=== Begin Enclosure ===

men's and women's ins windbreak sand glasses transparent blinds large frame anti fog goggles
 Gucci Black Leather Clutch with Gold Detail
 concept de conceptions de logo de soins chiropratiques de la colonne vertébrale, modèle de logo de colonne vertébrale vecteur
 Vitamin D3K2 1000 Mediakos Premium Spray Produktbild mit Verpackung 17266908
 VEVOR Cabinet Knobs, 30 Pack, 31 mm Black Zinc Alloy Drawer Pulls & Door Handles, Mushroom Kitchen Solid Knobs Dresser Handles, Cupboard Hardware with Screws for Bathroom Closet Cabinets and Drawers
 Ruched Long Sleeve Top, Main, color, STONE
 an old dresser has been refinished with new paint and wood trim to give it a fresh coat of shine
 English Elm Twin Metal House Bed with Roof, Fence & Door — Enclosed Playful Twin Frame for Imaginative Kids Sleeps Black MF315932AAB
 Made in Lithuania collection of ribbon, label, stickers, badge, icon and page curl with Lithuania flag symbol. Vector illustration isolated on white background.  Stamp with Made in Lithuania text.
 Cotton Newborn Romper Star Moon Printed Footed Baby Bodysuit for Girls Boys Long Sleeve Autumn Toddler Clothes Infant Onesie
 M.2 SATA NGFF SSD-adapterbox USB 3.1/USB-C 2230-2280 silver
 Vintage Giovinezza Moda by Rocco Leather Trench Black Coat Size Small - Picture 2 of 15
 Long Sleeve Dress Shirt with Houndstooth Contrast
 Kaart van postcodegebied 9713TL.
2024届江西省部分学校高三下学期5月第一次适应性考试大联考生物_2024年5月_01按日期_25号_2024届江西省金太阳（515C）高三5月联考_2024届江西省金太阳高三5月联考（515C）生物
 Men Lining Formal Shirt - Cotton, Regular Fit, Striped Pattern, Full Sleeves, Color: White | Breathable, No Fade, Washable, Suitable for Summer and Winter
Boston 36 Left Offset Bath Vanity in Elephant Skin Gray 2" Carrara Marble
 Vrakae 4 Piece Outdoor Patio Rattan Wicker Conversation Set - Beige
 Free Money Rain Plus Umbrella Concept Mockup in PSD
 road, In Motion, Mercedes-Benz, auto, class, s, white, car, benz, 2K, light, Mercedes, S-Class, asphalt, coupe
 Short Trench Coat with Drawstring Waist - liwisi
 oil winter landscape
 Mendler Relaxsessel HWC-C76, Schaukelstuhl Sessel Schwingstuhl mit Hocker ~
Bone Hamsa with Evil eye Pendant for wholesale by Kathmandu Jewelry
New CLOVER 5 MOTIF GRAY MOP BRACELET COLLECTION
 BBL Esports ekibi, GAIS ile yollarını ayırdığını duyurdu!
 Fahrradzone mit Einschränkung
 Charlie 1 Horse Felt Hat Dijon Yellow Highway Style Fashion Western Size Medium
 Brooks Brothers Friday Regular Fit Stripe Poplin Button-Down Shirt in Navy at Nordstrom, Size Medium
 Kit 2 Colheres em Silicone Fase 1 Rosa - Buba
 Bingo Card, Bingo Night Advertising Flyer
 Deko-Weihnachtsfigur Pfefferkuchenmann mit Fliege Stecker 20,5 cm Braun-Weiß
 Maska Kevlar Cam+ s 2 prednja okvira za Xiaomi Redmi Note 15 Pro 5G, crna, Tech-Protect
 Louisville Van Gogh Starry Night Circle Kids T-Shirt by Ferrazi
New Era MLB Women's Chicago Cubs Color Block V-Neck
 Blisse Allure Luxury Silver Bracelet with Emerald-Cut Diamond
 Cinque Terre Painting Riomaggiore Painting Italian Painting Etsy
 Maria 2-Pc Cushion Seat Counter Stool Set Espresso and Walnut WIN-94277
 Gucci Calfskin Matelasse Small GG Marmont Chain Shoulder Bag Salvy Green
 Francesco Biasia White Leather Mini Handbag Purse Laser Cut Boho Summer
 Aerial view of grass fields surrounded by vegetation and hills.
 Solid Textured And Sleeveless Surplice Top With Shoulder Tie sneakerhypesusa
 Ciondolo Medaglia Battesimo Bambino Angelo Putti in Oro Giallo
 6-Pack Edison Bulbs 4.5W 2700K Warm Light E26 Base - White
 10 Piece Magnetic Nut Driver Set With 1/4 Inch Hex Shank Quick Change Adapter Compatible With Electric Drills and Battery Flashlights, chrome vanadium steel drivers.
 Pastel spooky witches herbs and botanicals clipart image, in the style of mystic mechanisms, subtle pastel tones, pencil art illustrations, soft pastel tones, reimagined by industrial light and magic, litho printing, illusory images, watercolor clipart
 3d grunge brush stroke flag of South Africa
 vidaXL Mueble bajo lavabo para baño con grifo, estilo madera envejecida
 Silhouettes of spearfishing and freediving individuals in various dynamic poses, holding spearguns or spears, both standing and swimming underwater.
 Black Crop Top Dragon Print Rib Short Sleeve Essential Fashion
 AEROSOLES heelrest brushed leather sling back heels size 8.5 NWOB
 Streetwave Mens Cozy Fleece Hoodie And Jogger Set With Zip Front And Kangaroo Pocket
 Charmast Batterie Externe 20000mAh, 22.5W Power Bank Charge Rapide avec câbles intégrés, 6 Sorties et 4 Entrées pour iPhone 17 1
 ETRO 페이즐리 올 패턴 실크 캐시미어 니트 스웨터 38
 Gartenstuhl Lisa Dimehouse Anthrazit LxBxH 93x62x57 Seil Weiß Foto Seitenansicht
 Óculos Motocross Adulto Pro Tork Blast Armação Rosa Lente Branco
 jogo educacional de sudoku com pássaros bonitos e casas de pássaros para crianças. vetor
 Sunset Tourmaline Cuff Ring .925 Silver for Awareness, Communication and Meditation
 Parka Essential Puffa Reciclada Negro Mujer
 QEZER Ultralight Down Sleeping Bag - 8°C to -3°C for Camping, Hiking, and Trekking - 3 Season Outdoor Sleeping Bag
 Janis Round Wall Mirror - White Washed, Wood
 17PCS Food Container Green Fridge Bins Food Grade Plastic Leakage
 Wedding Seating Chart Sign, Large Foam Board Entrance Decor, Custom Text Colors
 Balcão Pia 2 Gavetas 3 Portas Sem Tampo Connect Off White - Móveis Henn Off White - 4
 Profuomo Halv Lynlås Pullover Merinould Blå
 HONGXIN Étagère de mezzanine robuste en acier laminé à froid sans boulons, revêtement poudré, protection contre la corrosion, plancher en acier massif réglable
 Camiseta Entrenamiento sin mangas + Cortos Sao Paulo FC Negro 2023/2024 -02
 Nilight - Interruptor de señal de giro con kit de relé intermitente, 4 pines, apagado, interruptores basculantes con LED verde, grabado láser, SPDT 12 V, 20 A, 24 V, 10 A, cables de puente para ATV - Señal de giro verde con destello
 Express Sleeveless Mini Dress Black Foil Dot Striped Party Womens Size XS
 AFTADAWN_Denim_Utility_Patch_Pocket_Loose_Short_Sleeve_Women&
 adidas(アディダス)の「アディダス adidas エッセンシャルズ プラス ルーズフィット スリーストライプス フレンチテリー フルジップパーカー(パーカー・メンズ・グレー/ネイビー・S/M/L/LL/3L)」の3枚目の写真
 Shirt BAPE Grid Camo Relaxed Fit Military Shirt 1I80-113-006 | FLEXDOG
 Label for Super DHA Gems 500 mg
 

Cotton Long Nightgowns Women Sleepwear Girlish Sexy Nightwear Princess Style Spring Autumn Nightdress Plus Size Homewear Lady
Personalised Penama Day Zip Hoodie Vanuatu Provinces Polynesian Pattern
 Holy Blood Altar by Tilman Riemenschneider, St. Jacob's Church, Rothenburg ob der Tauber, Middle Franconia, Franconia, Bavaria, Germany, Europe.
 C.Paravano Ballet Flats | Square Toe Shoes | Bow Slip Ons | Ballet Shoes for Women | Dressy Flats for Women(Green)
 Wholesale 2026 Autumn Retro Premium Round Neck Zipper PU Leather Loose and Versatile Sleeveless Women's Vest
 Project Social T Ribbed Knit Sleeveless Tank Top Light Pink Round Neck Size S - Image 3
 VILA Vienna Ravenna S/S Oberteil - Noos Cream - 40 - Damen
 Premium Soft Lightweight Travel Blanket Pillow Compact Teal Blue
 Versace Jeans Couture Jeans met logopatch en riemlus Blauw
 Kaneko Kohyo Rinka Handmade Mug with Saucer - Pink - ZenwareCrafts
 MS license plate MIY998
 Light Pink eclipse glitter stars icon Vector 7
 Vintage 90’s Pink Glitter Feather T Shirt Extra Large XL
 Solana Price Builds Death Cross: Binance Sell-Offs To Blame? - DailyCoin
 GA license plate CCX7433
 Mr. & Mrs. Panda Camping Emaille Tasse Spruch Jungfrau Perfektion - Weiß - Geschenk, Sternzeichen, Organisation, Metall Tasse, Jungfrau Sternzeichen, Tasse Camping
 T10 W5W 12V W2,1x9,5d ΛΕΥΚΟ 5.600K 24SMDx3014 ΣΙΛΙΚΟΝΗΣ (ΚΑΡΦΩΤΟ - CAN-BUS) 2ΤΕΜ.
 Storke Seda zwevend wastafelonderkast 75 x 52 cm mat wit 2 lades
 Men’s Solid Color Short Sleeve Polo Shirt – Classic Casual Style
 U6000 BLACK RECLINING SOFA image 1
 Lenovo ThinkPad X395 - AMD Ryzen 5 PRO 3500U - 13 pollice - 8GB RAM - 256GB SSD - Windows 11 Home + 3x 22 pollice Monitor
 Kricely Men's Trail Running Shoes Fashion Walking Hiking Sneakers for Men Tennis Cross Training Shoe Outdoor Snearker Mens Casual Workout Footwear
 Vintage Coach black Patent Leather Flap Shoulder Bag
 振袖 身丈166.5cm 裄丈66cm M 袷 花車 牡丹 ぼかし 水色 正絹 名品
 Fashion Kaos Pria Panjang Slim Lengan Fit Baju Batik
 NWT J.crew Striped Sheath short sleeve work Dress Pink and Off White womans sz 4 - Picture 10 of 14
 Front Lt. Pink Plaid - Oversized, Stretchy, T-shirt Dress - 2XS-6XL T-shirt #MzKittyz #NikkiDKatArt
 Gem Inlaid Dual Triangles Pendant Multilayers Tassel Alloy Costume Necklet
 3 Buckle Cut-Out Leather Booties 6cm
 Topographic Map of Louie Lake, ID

=== End Enclosure ===

Aim of the task: What you write should match, character for character, the lines from the one with "U6000 BLACK RECLINING SOFA image 1" to the end of the data, both included.

Your response:
 U6000 BLACK RECLINING SOFA image 1
 Lenovo ThinkPad X395 - AMD Ryzen 5 PRO 3500U - 13 pollice - 8GB RAM - 256GB SSD - Windows 11 Home + 3x 22 pollice Monitor
 Kricely Men's Trail Running Shoes Fashion Walking Hiking Sneakers for Men Tennis Cross Training Shoe Outdoor Snearker Mens Casual Workout Footwear
 Vintage Coach black Patent Leather Flap Shoulder Bag
 振袖 身丈166.5cm 裄丈66cm M 袷 花車 牡丹 ぼかし 水色 正絹 名品
 Fashion Kaos Pria Panjang Slim Lengan Fit Baju Batik
 NWT J.crew Striped Sheath short sleeve work Dress Pink and Off White womans sz 4 - Picture 10 of 14
 Front Lt. Pink Plaid - Oversized, Stretchy, T-shirt Dress - 2XS-6XL T-shirt #MzKittyz #NikkiDKatArt
 Gem Inlaid Dual Triangles Pendant Multilayers Tassel Alloy Costume Necklet
 3 Buckle Cut-Out Leather Booties 6cm
 Topographic Map of Louie Lake, ID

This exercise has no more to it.